I need to do some pondering on all these things.

[1] “Toward a Definition of Folk Religion” by Don Yoder in Western Folklore, Vol. 33, No. 1, [Jan., 1974], pp. 2-15. Preview.

[2] The Magisterium is a grand sounding term for the teaching authority of the Roman Catholic church. Report issued on 20th March, see Apostolic visitation calls for overhaul of Church in Ireland  (Catholic News Agency release 20 March 2012). The visitation was prompted by the child abuse scandal. 

[3] I got this from an evening class at University College Cork last autumn on Irish folklore. It was excellent but I attended by mistake! I thought it would be about tales of heroes long ago. 

[4] Richard Dawkins Foundation for Reason and Science, Ipsos MORI Poll How religious are UK Christians? 

[5] What’s the Difference? A Comparison of the Faiths Men Live By by Louis Cassels, 1965, Chapter 11: The Oriental Religions 

[6] “Natural Religion, Unnatural Science” by Robert N McCauley in New Scientist 2856, 17 Mar 2012, p 45.

1 comment:

  1. Good stuff Pete, and I followed the link to your previous post about Purgatory (don't know why I didn't see it originally), which was also good (did you have your theological conversation with the priest?). In that though you show the difference (one of many probably) between you and Richard Dawkins. You're a nice chap so you chose not to challenge the faith of people who might find that faith comforting.

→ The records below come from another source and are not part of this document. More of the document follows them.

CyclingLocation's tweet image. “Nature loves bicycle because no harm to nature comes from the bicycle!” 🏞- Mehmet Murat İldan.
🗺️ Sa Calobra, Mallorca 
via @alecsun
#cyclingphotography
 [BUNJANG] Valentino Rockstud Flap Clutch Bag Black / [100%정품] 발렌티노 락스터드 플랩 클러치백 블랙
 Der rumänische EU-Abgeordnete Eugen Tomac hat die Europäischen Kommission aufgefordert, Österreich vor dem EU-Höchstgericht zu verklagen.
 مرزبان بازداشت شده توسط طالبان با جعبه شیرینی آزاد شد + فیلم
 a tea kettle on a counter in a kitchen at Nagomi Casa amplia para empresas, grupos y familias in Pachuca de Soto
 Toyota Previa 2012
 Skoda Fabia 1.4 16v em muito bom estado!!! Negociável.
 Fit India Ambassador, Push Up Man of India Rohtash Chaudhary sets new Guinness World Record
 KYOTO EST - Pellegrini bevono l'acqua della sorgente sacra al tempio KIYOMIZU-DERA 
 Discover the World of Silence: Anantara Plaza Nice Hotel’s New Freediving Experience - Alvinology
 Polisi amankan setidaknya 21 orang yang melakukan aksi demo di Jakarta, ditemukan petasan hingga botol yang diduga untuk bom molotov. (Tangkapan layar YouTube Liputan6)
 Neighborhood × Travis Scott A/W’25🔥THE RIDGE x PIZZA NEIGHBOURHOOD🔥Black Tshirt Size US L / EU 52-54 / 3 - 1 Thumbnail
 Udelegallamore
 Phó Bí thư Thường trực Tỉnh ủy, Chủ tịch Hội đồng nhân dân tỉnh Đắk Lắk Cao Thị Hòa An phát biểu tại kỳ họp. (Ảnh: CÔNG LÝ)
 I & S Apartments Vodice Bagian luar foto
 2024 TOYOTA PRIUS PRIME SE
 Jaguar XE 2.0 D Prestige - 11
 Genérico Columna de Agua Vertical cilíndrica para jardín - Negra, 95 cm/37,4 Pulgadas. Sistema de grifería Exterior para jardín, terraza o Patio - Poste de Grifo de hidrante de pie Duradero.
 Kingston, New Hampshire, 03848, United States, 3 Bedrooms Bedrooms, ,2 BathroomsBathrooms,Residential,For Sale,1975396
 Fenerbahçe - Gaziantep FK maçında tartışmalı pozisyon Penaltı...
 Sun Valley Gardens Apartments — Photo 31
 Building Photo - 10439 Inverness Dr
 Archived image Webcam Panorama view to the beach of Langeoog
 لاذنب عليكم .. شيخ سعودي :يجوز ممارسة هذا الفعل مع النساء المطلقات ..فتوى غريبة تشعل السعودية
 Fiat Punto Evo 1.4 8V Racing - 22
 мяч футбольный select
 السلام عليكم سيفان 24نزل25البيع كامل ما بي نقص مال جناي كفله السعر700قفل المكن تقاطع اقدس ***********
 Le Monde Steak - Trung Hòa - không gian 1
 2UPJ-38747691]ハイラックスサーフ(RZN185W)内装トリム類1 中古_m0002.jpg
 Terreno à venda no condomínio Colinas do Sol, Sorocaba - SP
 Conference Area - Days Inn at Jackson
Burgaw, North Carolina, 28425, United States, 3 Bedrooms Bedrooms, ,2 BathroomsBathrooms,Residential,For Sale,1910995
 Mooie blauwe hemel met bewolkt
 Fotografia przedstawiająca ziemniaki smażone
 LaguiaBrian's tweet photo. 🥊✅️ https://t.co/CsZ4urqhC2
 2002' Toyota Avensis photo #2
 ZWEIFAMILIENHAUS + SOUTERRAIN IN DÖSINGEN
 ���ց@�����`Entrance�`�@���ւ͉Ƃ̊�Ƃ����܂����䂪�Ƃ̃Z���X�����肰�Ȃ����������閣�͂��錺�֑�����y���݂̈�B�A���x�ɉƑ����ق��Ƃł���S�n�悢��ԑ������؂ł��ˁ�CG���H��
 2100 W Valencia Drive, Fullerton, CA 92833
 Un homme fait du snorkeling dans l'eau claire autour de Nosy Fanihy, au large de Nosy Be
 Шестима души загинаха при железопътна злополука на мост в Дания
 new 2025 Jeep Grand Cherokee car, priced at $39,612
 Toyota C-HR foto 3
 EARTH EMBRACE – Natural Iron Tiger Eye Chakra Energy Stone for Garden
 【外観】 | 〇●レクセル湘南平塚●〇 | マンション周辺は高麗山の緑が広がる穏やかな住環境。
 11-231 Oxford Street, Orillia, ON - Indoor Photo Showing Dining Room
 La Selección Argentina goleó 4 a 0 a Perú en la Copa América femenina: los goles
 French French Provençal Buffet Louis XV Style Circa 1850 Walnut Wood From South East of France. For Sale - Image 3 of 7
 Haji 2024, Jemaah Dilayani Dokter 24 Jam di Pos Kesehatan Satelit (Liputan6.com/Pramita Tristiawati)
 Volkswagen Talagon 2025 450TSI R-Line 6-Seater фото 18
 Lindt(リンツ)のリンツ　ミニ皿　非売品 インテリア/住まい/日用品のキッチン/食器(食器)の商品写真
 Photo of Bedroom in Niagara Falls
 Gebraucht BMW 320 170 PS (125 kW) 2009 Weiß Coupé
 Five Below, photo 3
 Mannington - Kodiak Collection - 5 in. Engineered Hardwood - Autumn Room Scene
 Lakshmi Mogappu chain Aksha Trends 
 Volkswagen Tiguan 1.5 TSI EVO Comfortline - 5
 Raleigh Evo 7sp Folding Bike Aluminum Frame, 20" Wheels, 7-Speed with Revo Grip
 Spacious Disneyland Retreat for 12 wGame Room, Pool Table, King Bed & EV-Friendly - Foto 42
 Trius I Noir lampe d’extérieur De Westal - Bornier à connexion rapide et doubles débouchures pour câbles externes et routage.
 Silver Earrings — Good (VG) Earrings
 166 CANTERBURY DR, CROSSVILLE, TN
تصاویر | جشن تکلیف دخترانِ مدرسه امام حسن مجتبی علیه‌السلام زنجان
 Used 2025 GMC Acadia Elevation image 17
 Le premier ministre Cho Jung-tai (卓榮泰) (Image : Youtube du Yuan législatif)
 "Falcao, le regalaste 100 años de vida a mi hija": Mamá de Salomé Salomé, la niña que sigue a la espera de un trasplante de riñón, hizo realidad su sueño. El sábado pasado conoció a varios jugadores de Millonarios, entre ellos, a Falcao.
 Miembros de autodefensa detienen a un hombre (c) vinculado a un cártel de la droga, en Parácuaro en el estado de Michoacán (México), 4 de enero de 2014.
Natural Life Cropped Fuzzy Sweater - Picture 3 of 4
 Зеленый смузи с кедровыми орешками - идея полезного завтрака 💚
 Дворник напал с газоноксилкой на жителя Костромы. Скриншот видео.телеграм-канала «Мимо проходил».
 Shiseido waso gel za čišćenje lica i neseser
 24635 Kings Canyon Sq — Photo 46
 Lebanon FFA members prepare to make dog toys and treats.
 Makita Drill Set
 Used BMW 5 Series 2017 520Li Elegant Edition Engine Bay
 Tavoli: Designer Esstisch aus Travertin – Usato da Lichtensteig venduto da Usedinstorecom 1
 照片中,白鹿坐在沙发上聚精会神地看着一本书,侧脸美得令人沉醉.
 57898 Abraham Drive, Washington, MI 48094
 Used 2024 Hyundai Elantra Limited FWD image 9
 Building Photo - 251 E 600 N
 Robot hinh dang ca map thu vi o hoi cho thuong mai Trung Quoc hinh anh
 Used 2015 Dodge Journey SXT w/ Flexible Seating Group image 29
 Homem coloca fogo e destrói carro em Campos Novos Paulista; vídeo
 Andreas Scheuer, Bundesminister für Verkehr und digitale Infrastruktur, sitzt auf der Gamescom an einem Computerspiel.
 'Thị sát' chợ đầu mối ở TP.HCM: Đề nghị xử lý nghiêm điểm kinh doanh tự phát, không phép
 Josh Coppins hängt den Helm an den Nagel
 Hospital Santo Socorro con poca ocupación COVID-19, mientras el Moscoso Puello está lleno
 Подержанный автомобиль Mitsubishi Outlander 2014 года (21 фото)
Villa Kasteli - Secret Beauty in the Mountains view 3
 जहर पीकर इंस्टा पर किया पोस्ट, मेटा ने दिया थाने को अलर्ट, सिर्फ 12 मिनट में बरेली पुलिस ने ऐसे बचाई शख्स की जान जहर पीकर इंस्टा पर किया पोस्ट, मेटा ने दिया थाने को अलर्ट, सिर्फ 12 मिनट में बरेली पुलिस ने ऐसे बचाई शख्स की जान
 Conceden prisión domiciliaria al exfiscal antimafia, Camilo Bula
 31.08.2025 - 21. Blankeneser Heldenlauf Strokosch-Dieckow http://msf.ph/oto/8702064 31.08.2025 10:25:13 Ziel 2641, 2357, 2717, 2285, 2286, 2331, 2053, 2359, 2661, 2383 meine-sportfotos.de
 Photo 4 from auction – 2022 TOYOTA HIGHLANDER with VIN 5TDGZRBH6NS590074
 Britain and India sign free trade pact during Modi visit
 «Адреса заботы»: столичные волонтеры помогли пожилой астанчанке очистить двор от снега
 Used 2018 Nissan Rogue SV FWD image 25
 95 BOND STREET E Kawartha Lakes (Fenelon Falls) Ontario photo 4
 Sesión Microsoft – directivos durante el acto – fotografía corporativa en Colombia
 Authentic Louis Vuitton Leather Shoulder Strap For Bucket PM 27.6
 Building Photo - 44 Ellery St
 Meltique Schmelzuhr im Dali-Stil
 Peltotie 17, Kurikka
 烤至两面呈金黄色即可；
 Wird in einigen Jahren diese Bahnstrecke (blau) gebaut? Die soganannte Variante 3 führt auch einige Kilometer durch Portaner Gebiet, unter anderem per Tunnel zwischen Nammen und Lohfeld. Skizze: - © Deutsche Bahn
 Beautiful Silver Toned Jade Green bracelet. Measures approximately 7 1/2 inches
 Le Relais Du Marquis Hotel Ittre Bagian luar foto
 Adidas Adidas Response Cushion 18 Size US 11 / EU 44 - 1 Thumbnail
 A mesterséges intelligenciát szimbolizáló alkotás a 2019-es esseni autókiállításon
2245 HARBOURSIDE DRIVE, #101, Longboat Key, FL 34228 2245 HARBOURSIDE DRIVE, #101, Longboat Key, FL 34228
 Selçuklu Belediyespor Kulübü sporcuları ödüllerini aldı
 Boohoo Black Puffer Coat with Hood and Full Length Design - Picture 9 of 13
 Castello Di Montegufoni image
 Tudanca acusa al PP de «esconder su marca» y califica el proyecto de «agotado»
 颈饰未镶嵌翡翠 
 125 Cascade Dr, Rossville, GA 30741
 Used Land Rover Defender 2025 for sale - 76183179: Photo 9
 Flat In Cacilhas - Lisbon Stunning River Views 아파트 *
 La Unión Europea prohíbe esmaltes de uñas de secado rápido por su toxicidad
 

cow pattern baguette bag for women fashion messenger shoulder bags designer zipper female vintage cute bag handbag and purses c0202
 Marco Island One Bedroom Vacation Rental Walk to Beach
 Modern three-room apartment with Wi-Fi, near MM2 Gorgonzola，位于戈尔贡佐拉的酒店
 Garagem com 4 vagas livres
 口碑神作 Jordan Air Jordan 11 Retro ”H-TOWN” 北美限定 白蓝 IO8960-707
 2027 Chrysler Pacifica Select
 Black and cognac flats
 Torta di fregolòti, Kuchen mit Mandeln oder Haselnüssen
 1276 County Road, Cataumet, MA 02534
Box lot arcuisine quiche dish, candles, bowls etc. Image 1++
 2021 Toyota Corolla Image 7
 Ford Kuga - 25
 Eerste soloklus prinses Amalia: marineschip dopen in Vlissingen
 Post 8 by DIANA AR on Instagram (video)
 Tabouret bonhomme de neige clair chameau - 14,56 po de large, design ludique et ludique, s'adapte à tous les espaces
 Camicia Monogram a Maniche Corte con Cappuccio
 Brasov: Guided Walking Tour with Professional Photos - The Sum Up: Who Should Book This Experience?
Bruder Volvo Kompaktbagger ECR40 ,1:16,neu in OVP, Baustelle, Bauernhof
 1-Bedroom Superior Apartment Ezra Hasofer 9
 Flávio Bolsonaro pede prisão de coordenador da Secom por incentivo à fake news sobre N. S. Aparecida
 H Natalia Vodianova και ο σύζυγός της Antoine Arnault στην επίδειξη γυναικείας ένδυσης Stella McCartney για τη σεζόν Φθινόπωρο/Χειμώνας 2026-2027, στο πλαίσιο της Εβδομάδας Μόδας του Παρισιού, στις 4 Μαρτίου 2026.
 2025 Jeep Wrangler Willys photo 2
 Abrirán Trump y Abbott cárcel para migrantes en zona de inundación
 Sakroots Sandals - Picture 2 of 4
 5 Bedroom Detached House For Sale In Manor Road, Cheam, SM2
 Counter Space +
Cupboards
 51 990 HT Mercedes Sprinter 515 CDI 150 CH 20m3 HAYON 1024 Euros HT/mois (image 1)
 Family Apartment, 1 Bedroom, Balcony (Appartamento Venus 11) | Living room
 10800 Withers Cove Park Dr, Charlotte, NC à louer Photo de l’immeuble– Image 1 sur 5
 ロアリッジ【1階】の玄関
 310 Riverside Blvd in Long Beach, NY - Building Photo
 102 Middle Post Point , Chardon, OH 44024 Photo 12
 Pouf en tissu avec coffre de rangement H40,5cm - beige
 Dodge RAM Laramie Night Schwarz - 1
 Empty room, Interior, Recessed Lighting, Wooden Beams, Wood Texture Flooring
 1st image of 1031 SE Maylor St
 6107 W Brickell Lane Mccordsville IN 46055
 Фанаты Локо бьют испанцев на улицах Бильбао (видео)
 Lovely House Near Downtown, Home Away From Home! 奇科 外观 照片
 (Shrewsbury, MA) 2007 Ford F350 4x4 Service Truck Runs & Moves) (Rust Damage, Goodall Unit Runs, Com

    I'm no apolgist for organised religions, but I do get annoyed by Dawkins' constant sniping, which seems very petty at times. The press release from his organisation (some self-aggrandising in the name of that too perhaps?) that you also reference is meaningless. It doesn't matter whether people who call themselves Christians are educated enough to know the order of the books in the New Testament, it doesn't matter whether they are as intelligent as he is and have the time to analyse the true meaning of the word Christianity, by their own definition (not mine, yours or Richard Dawkins) they are Christians. I haven't been to see Newcastle United for a few years but I still consider myself a Newcastle fan. Everyone who votes for a political party doesn't know the intricacies of that party's policies or its history. Silly examples I know but just making the point that his definition of "Christian" can't be imposed upon other people. My definition would be "a follower of the teachings (as we know them) of Jesus." Not necessarily all the teachings, surely all Marxists don't agree with every word HE said? So I could decide to call myself a Christian if I loved my neighbour as myself, turned the other cheek when someone was mean to me and loved my enemies - without ever believing the bits other people wrote about Jesus, and Richard Dawkins would have to lump it!